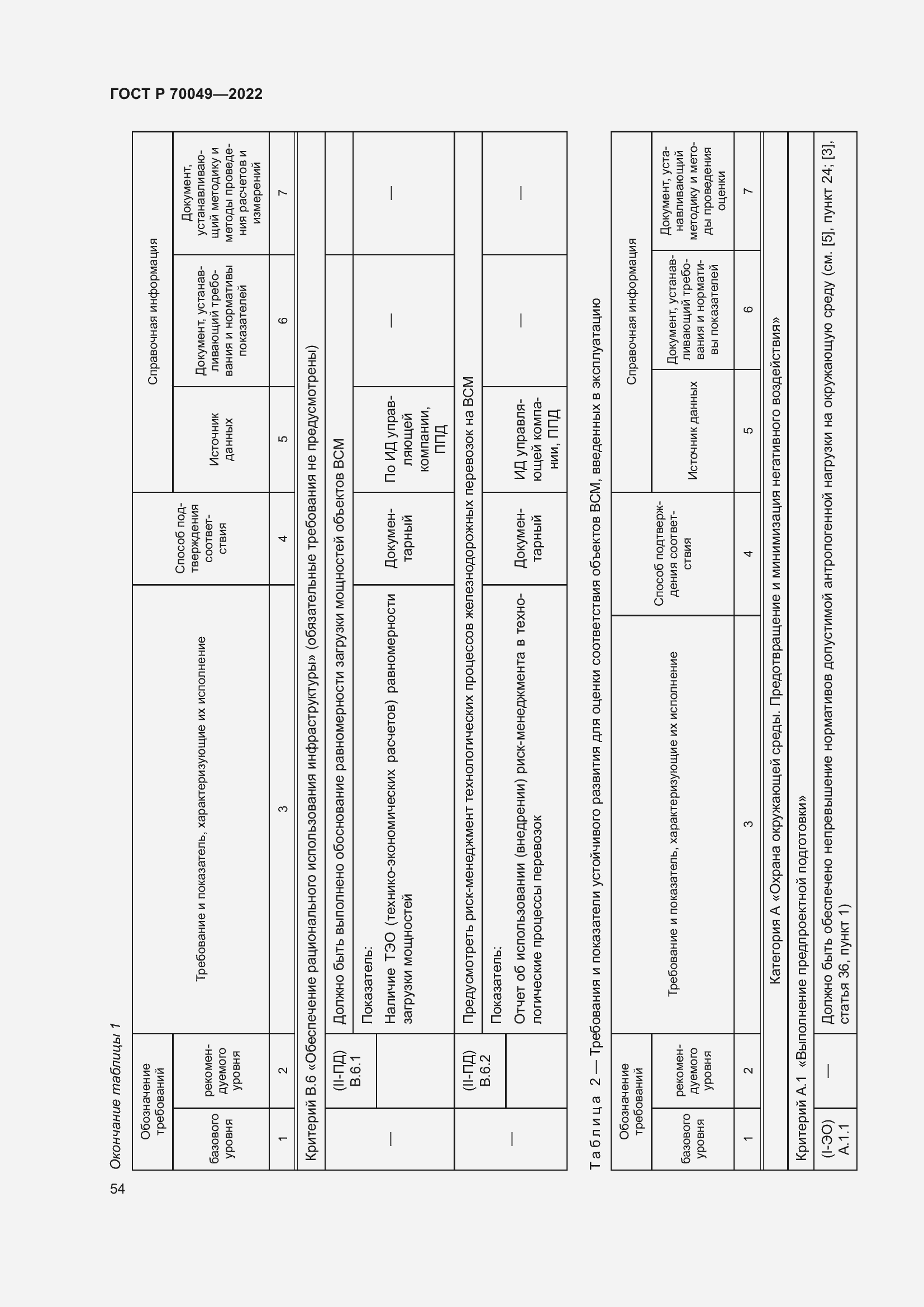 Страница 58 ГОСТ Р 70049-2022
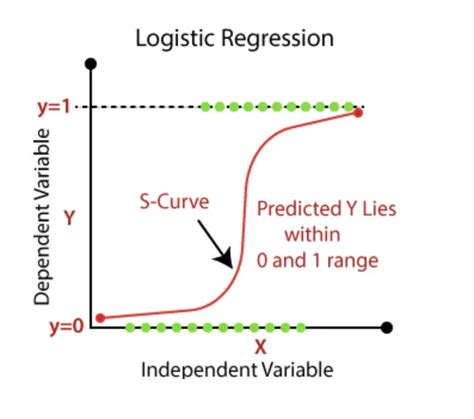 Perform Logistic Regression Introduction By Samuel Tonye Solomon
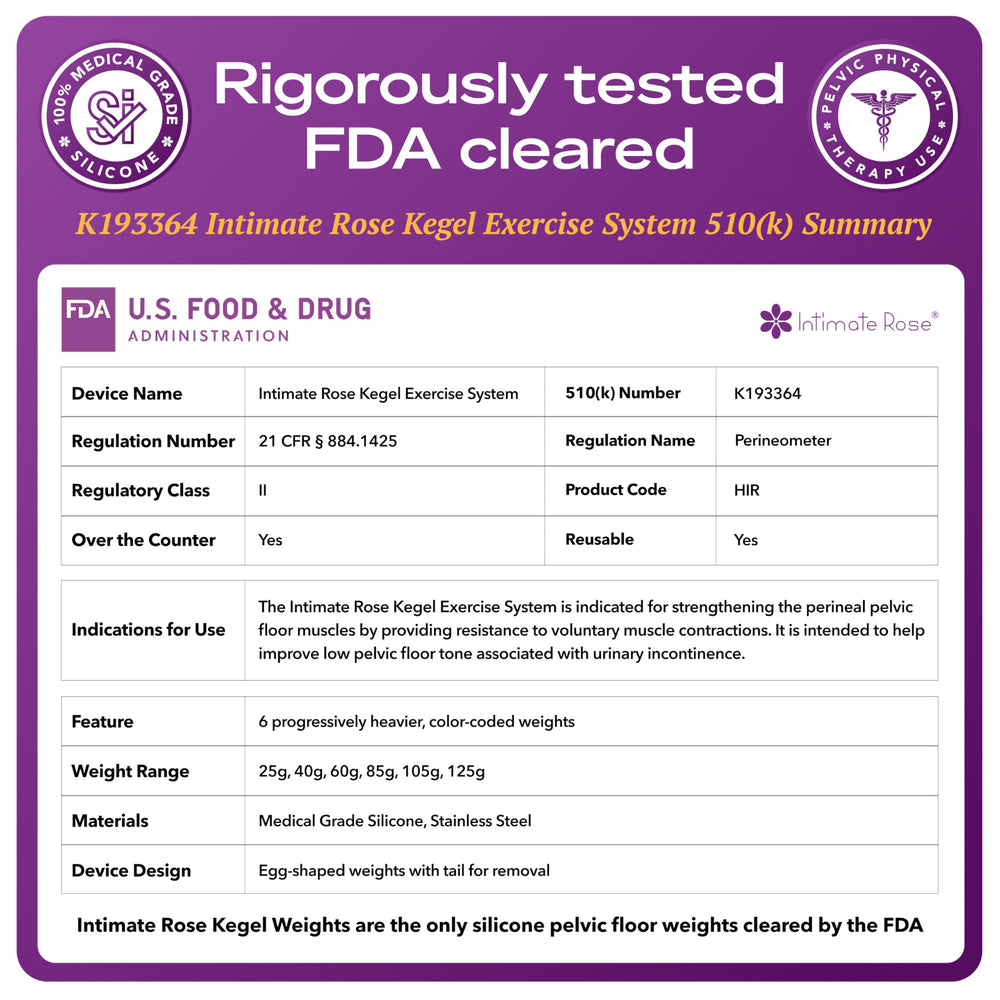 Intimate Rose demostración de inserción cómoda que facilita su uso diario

▸ **WORK TO BE COMPLETED**: Please copy out the material above exactly, with the images removed.

▸ **EXERCISE SOLUTION**:
 Страница 58 ГОСТ Р 70049-2022
 Perform Logistic Regression Introduction By Samuel Tonye Solomon
 Intimate Rose demostración de inserción cómoda que facilita su uso diario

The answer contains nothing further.